Restate word for word the lines of the records below, starting at the line that contains "Czarna skórzana torebka" and ending at the line that contains "Female scientist looking", with both of those lines included and nothing else.

Data for processing START

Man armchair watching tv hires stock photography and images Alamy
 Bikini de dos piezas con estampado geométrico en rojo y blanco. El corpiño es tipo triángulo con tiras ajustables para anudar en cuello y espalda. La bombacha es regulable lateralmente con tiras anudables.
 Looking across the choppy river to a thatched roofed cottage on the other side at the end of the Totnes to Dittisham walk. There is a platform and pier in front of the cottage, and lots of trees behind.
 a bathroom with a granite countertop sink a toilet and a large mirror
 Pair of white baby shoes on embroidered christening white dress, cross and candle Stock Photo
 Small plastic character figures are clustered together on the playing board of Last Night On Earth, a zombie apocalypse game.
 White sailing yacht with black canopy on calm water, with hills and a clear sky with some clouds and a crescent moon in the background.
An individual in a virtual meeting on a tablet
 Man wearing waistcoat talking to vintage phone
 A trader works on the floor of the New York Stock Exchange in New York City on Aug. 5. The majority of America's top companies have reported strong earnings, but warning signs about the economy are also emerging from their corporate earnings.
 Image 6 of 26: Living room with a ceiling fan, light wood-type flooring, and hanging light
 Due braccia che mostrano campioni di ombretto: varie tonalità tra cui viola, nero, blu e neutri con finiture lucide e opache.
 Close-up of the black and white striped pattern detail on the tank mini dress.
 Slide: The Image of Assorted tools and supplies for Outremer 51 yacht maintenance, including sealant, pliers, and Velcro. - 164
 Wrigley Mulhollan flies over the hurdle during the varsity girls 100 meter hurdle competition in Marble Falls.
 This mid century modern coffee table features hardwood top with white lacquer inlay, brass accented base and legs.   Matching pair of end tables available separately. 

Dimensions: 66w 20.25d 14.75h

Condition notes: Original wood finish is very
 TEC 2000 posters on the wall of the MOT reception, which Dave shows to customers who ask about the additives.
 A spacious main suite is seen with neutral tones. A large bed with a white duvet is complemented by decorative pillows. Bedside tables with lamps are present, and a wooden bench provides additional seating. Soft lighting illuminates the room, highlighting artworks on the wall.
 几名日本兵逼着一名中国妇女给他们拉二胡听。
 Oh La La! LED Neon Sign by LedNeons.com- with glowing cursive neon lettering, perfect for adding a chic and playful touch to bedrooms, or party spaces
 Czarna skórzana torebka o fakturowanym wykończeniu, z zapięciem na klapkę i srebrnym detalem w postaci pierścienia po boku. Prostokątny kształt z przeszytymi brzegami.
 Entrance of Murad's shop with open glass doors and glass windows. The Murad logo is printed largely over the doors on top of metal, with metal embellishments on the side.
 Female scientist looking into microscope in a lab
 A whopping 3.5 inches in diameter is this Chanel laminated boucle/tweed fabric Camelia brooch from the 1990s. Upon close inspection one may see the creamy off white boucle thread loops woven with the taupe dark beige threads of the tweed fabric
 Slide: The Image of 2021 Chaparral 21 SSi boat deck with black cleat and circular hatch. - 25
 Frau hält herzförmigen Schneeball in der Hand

Data for processing END

● **The completed task**:
 Czarna skórzana torebka o fakturowanym wykończeniu, z zapięciem na klapkę i srebrnym detalem w postaci pierścienia po boku. Prostokątny kształt z przeszytymi brzegami.
 Entrance of Murad's shop with open glass doors and glass windows. The Murad logo is printed largely over the doors on top of metal, with metal embellishments on the side.
 Female scientist looking into microscope in a lab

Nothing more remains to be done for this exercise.